*** Source data ***

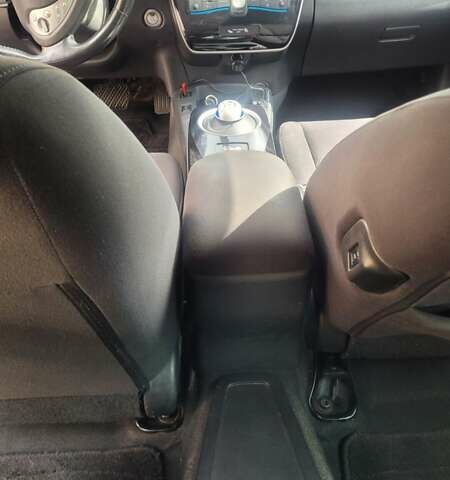 Чорний Ніссан Ліф, об'ємом двигуна 0 л та пробігом 102 тис. км за 7500 $, фото 9 на Automoto.ua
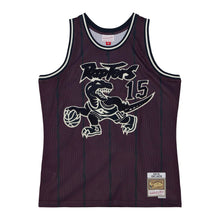 Load image into Gallery viewer, Mitchell &amp; Ness Off Court Chenille Swingman Jersey Toronto Raptors 1998-99 Vince Carter
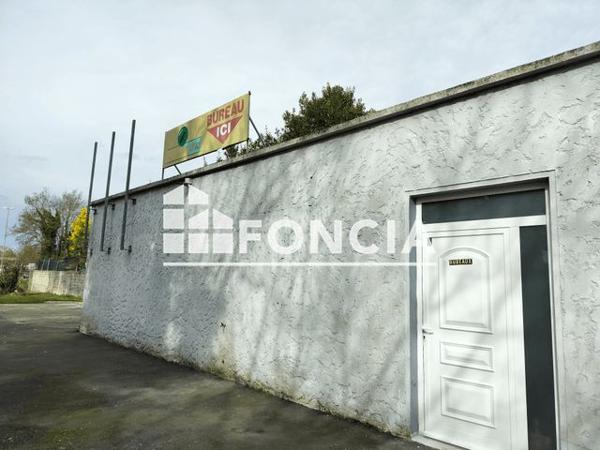 Location Local commercial 1 pièce 56.6 m² - 191 cours Victor Hugo Cenon 33150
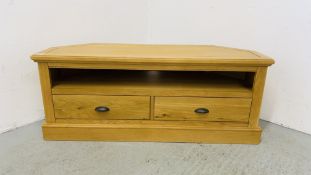 MODERN LIGHT OAK FINISH TWO DRAWER ENTERTAINMENT STAND WIDTH 128CM. DEPTH 47CM. HEIGHT 50CM.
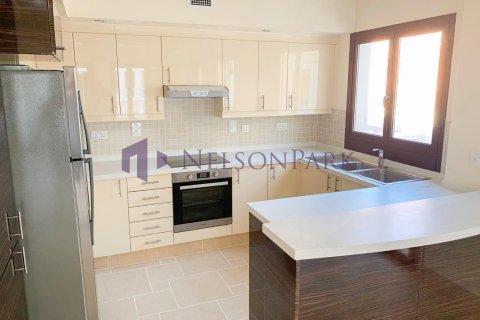 3 bedrooms Apartment in Doha, Qatar No. 57421 11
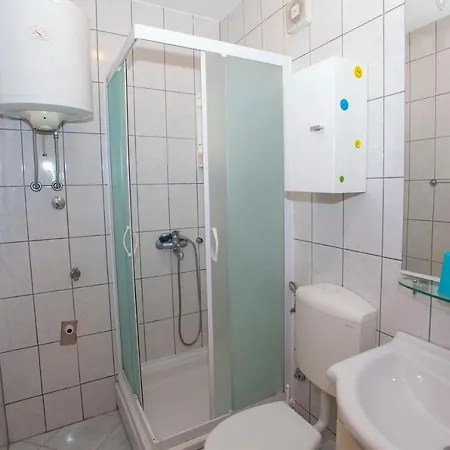 Escape From Center * Макарска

*** End of Source data ***

### Action item
Would you restate word for word only the lines from the line with "Location Local commercial" to the last line above, with the pictures left out?

### The completed task
 Location Local commercial 1 pièce 56.6 m² - 191 cours Victor Hugo Cenon 33150
 MODERN LIGHT OAK FINISH TWO DRAWER ENTERTAINMENT STAND WIDTH 128CM. DEPTH 47CM. HEIGHT 50CM.
 3 bedrooms Apartment in Doha, Qatar No. 57421 11
 Escape From Center * Макарска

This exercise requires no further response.